Ben J’ha a également expliqué, lors d’une intervention sur Radio Jawhara FM aujourd’hui, que l’article 226 concerne également les actes publics contraires à la pudeur, prévoyant des sanctions à l’encontre de ceux qui enfreignent ses dispositions.
Il a ajouté que l’article 226 bis du Code pénal prévoit une peine de six mois de prison ainsi qu’une amende pour toute atteinte publique aux bonnes mœurs.
Ben J’ha a affirmé que le partage de tout contenu inapproprié expose son auteur à des poursuites judiciaires, car cela contribue à la diffusion de contenus dégradants et d’images offensantes pour les normes sociales.
Il a également exhorté les utilisateurs des réseaux sociaux à faire preuve de prudence, précisant que le législateur pourrait augmenter les peines pour suivre l’évolution des infractions électroniques.
Mesures contre les contenus immoraux
Rappelons que dans communiqué rendu public dimanche 27 octobre 2024, le ministère de la Justice annonce avoir pris les mesures nécessaires pour lutter contre les contenus immoraux sur TikTok et Instagram.
Le département indique que ces mesures interviennent à la suite de la propagation du phénomène de certains individus qui utilisent les réseaux sociaux, notamment « TikTok » et « Instagram », pour diffuser des contenus en contradiction avec les bonnes mœurs ou en employant des expressions, ou en apparaissant dans des postures indécentes contraires aux valeurs sociétales, susceptibles d’influencer négativement le comportement des jeunes utilisateurs de ces plateformes électroniques.

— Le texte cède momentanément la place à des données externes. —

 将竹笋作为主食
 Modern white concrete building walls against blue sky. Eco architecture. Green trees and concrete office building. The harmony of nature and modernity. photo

« La ministre de la Justice a autorisé le ministère public à prendre les mesures juridiques nécessaires pour contrer ces pratiques et à ouvrir des enquêtes pénales contre toute personne qui se livre volontairement à la production, à la diffusion ou à la publication de données informatives, d’images ou de vidéos contenant des contenus portant atteinte aux valeurs morales », a-t-on communiqué.
Une invasion de contenu médiocre sur TikTok et Instagram
En naviguant sur TikTok et Instagram en Tunisie, on observe une prolifération de contenus qui vont à l’encontre des valeurs et des mœurs tunisiennes. Certains qualifient même certains contenus présents sur ces plateformes de « prostitution publique ».
Sur ces réseaux, certaines « personnalités » ont choisi l’injure et la diffamation comme moyens d’atteindre une célébrité rapide, ce qui suscite un large mécontentement parmi les Tunisiens, qui appellent à l’établissement de limites légales pour réduire cette médiocrité.
Certains vont jusqu’à exiger des restrictions d’utilisation pour les moins de 18 ans, en raison des effets néfastes sur le développement psychologique et comportemental de cette tranche d’âge.
On observe également que cette médiocrité a été initialement véhiculée par certaines chaînes de télévision tunisiennes, bien avant d’envahir les téléphones. Certaines chaînes sont ainsi accusées de banaliser ces types de contenus auprès du public.
Depuis la « révolution », plusieurs chaînes se sont orientées vers des contenus superficiels, diffusés chaque samedi soir ou lors des festivités de fin d’année, rivalisant dans la dégradation de l’image médiatique tunisienne par des spectacles de nudité et un langage provocant.
De même, plusieurs plateformes médiatiques situées sur l’avenue Habib Bourguiba ont choisi de ridiculiser l’image des Tunisiens dans une quête de popularité sans considération pour l’impact de leur message sur la société.
Progressivement, ce contenu médiocre, autrefois cantonné aux chaînes de télévision tunisiennes, a envahi des plateformes comme TikTok, dont les algorithmes favorisent une popularité rapide, quel que soit le contenu. Résultat : le Tunisien est confronté, partout où il va, à des scènes qui ne font qu’aggraver l’image négative qui se répand dans le pays.